Archive for the ‘Pretty woman’ Category

Feb
25

Tonight, at every pub, bar and nightclub across the city, there will be men cracking on to women who are way out of their league.

Full of beer, bluster and self-belief, they will choose women much more attractive than they are.

The women will waste half the night trying to convince these Loser Lotharios that they’re really not interested.

But lack of success doesn’t deter these men.

Deluded and sometimes drunk, they’ll try their luck with stunner after stunner, who they will mistakenly judge to be their equal.

Astonishingly, researchers have scientifically proven that men think women are more interested in them than they actually are.

And the more attractive the woman is, the more interested the man thinks she is in him, according to a study by psychologist Carin Perilloux, from Williams College in the United States.

Conversely, the more attractive the man, the more likely he is to underestimate a woman’s interest in him.
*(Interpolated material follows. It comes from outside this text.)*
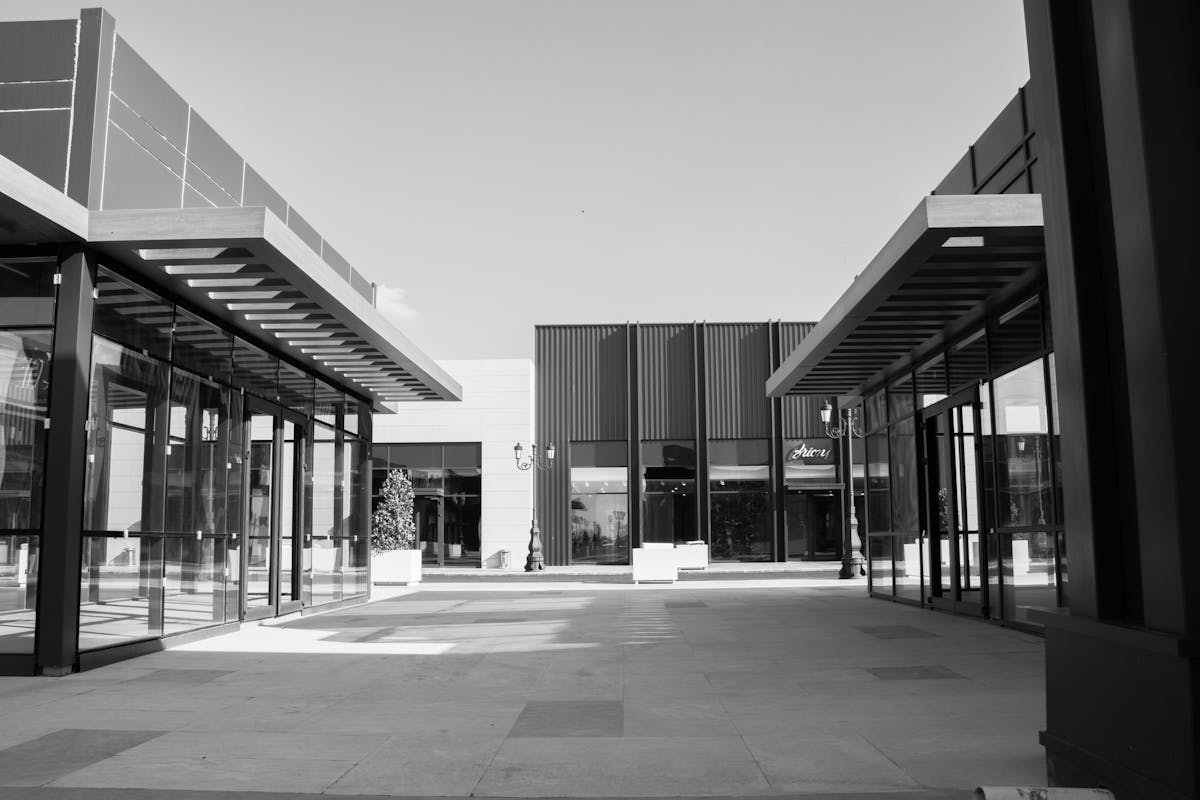 Franchise SEO for shopping center locations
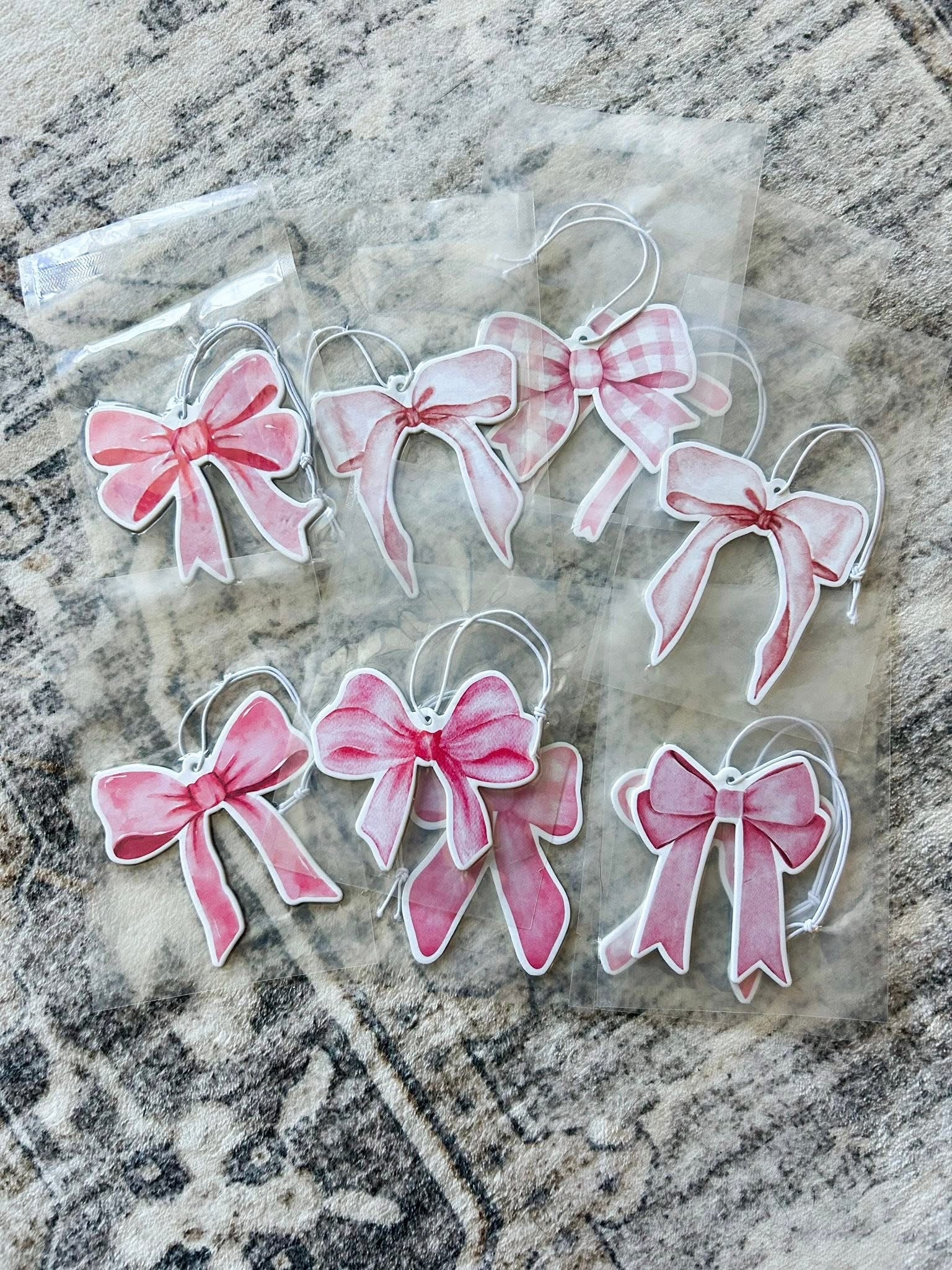 Bow freshies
And women consistently under-estimate how interested men are in them.

Ms Perilloux took 200 undergraduates speed-dating, asking them to rate how attractive they think they are, and how interested they think their dating partner is.

As she soon discovered, men operate according to a concept known as the error-management theory.

Men believe the costs of a missed sexual opportunity are greater than the costs of a false alarm.

This is what gave craggy crooner Lyle Lovett the guts to make a move on the winsome Julia Roberts, or rough rocker Benji Madden a chance with the lovely Nicole Richie.

But without star power (and millions in the bank), the average Aussie male is never going to reach such lofty heights.

It’s hard to know why such stark differences between men and women continue to exist.

But go to any pub on a Saturday night and the moment you walk in and inhale that sickly mixture of stale sweat, cigarette smoke and sodden beer mats, you have travelled back 50 years in time.

My single friends tell me that women want a man to sweep them off their feet and be a real gentleman.

Men just want to sleep with a supermodel and will do whatever they think they need to in order to trick one into the sack.

Ultimately, though, this research offers a cautionary tale of unrequited love and wasted opportunities.

Ms Perilloux concludes that she hopes her research may “help to reduce conflict produced by errors in perception between the sexes”.

Let’s hope it does. It will save a lot of women the hassle of making up new excuses, and encourage Mr Average to be happy with Ms Average rather than a Page 3 girl.